Yeah, I know. 'Column' columns can be annoying. The following was written for a mountainbiking which is, no surprise, no more. It was my first and last venture into straight-to-html columnizing. I only managed to crank out three or four before giving up; my heart just wasn't in it.

It was a dark and stormy night. "You have mail," my computer said, which is odd because it doesn't talk. I groggily picked myself up off the couch, where I often sleep because of its cursed proximity to the television, and shuffled over to blink at my Macintosh, which is also cursed. "Hit 'Reply'", the message said, so I did, and settled into the chair to await developments.

"You have mail," it chirped again before I could drift off.

The subject line was cryptic: "Would you like to be a columnist for" Maybe not so cryptic.

The body of the email was empty, which proved that this was a genuine offer, written by the Editor Himself. Editors take a professional pride in never saying more than they must to writers. "Don't you people keep regular office hours?" I immediately posted, interested but not sold.

"It is regular office hours," he replied bare seconds after I'd hit 'Send'.

I went over and opened the curtains. Sunlight flooded the room. He had a point. I looked at the television, with the pile of DVDs stacked on top. Sad, really, as I don't have a DVD player. Writing a column would pay for one, wouldn't it? But I had to remind myself of the possible consequences. The last time I'd done this sort of thing a small riot had broken out in Nottingham over a split infinitive. The power of words is an astonishing, frightening thing.

"What would I have to write about?" I asked, stalling for time to think.

"Why don't you ask a focus group?" he answered, choosing a particularly sarcastic font.

"OK, I will," I typed. And I did.

The next day a dozen strangers gathered in an anonymous room which looked suspiciously like a broom closet. Brooms haphazardly stacked outside the door added to this impression. The people stared at me as if I were mad. "No TEA?!?" one of them finally managed to choke. "You've invited us here and we're not getting any TEA!?!"
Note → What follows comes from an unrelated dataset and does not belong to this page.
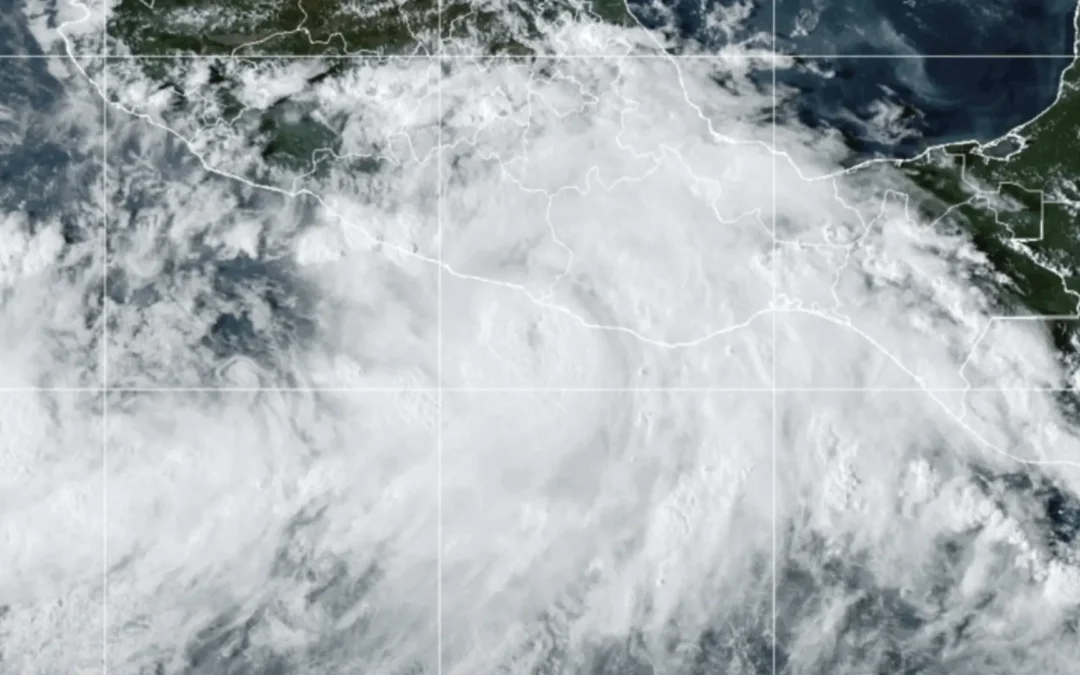 El huracán John tocó tierra al sur de México, con una peligrosa categoría 3, y esperan lluvias muy intensas, aunque prevén que se debilitará sobre el terreno elevado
When I'd appeared at's global corporate empire an hour ago, the Editor had been nonplused but warily helpful. "You Americans take everything so literally," he'd sighed, summoning a minion to "ready the Executive Conference Room for this gentlemen and his guests." Unfortunately his largess hadn't extended to refreshments, and I had a mutiny on my hands before we'd even started. I grabbed what tea mugs I could find cooling on the desks of their absent owners and quietly stole them away. Also some biscuits for good measure.

"Let's get down to business," I announced, after they'd stuffed their faces.
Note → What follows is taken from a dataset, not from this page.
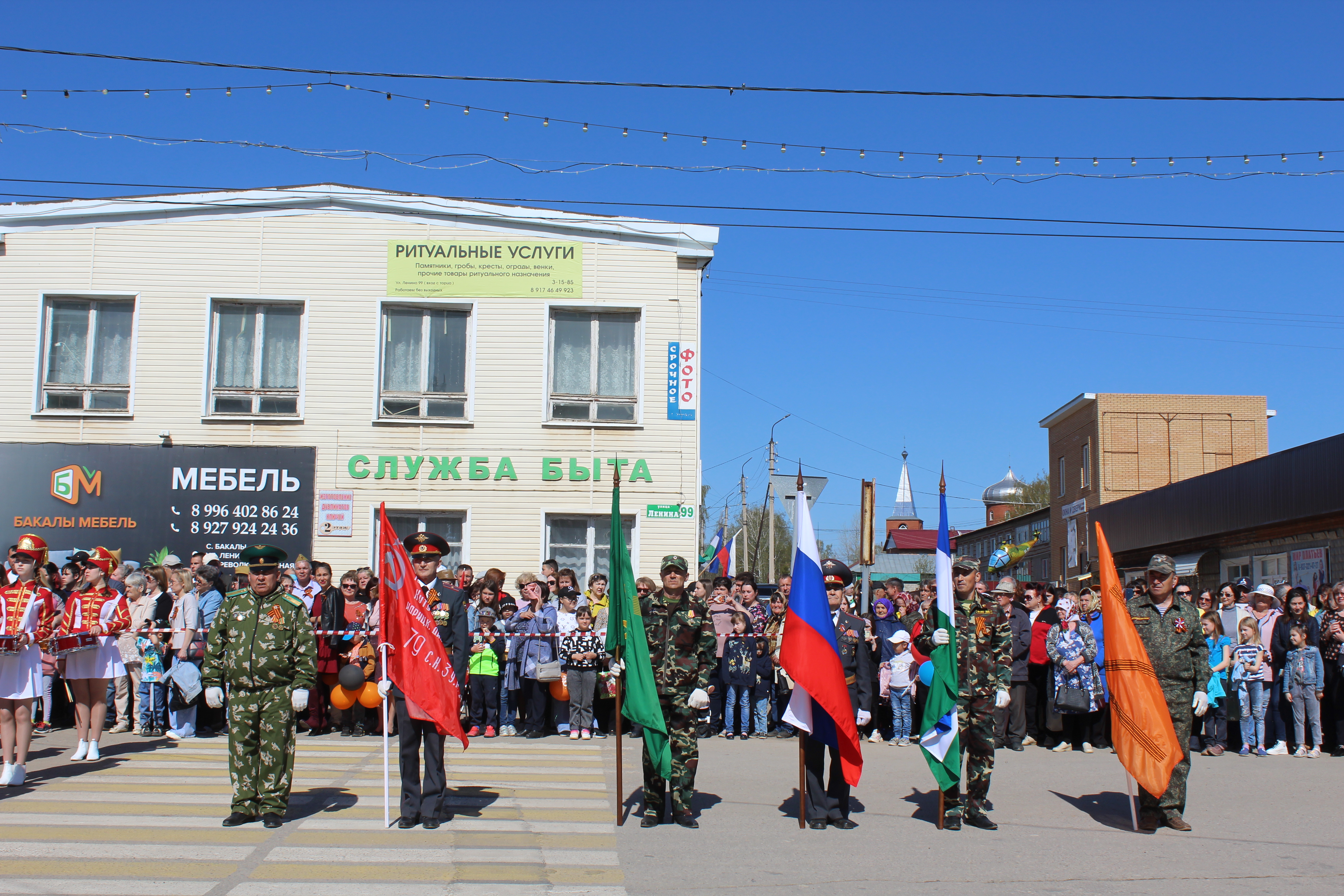 В руках знаменной группы - Государственные флаги и Знамя Победы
"When do I get my Free Gift?" someone in the back asked.

"Yes, he promised me a purple Mag-lite," a woman with an excited gleam in her eye announced to the group at large.

"You're kidding," said a man who hadn't yet removed his helmet, though I'd reminded him twice already. "All I'm getting are tyre levers. And I've already got tyre levers."

"Let's focus, people," I interrupted, steering clear of that particular topic. I'd lured them here with the promise of swag only to learn that my expense account wouldn't cover it. Well, we'd cross that bridge when we came to it. "What topics would you like me to cover in future?"

"How about the Conspiracy," said a man who'd ridden his singlespeed right into the offices and chained it to the water cooler.

"What Conspiracy?" I asked delicately.

"You mean you don't KNOW?" he spat.

"I've been out of town the last few weeks," said a familiar voice from the back of the room. "Which "Conspiracy" was this?" It was the Editor, incognito. Bastard.

I nodded my head at the singlespeed guy. "Why don't you explain to them," I suggested. "You're the expert."

"It's the bike manufacturers," he spluttered, giving me a look I wouldn't wish on my worst enemy. "They're pushing all these GEARS on us. We don't NEED all these gears. They make us LAZY. They're all in it together. I've said enough. I'm leaving." He swept out of the room and we heard a crash followed by an impressive gurgling. "Who changed my COMBINATION!?!" we heard him shriek, then he was gone.

"Yes, hmmm," I stroked my chin. "If anyone has an idea as good as that one, please write it down and put it in the round metal basket before you leave the room. That's my special 'idea holder'. If you could, crumple it up so all the other ideas fit. Now, I thought you might like some background information. Is there anything you'd like to know about moi?"

"You're not going to be using any more pretentious French on us, are you?" asked the tyre lever guy, still nursing his grievance.


"Who cuts your hair?"

"I do," I answered. "Anything else? Anyone else?"

"What are your credentials?" asked a man wearing a yellow jersey several sizes too small.

Having anticipated this, I passed around copies of my CV. Except for my name and email address, it was a complete fabrication, and even my email address was a hotmail account belonging to my cousin Irv; Microsoft had banned me from their network after my expose about Bill Gates, the dwarf, and the liver pate.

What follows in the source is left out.